Almost three years after the completion of the competency evaluations,
the matter proceeded to a plea conference. Then, the trial court asked the
attorneys if appellant ever had a competency hearing, noting that the court
had seen an evaluation in the court file. The state responded that there
had not been a competency hearing. After a discussion, the judge and the
attorneys concluded that a competency hearing was unnecessary.
Appellant pled no contest to the lesser charge of attempted capital
sexual battery and the trial court accepted the plea. The trial court did
not hold a competency hearing and did not enter a written order on
competency. As the state concedes, the trial court’s failure to do so
constitutes fundamental error.
The procedure for determining a defendant’s competency is set forth in
Florida Rule of Criminal Procedure 3.210(b), which states:
(b) Motion for Examination. If, at any material stage of a
criminal proceeding, the court of its own motion, or on motion
of counsel for the defendant or for the state, has reasonable
ground to believe that the defendant is not mentally
competent to proceed, the court shall immediately enter its
order setting a time for a hearing to determine the defendant's
mental condition, which shall be held no later than 20 days
after the date of the filing of the motion, and may order the
defendant to be examined by no more than 3 experts, as
needed, prior to the date of the hearing. Attorneys for the
state and the defendant may be present at any examination
ordered by the court.
Fla. R. Crim. P. 3.210(b) (emphasis added). “Once a trial court has
reasonable grounds to believe the defendant is incompetent and orders an
examination, it must hold a hearing, and it must enter a written order on
the issue.” Dortch v. State, 242 So. 3d 431, 433 (Fla. 4th DCA 2018), rev.
granted, No. SC18-681, 2018 WL 3635017 (Fla. July 11, 2018) (citing Fla.
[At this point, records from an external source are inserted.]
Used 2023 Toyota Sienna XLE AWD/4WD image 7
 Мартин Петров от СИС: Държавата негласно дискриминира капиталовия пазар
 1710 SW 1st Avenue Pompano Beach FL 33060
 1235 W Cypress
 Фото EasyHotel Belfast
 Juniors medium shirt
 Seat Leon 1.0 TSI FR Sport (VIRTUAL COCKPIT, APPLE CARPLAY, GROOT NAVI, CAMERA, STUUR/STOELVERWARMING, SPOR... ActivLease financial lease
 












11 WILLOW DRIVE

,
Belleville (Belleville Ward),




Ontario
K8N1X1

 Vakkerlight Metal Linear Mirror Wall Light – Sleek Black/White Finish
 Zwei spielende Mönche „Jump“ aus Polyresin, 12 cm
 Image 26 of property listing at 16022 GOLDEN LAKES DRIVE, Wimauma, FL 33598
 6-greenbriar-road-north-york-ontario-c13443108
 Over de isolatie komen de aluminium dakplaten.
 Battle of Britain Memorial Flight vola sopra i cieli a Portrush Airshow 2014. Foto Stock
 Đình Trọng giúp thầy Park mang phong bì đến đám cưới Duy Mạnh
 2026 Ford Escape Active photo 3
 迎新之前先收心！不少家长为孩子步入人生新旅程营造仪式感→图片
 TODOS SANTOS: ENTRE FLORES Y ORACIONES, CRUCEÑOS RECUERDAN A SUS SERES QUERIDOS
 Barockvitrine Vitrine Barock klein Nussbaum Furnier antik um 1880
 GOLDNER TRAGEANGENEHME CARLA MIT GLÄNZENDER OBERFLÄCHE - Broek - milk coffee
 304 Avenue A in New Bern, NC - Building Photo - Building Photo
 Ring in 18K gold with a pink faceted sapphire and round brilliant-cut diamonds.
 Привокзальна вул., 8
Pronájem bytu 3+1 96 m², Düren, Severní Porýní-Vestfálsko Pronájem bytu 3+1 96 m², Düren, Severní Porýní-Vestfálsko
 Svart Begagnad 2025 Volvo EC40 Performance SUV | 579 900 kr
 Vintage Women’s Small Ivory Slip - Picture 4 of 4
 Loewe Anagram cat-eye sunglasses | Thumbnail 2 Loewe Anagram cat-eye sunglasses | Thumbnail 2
R. Crim. P. 3.210(b), 3.212(b)). “Failure to do so is fundamental error and
requires reversal.” Id. In this case, once the trial court ordered the
competency examinations and those examinations were completed, the
trial court was required to hold a competency hearing and enter a written
order on the issue. See Augustin v. State, 244 So. 3d 336, 337 (Fla. 4th
DCA 2018).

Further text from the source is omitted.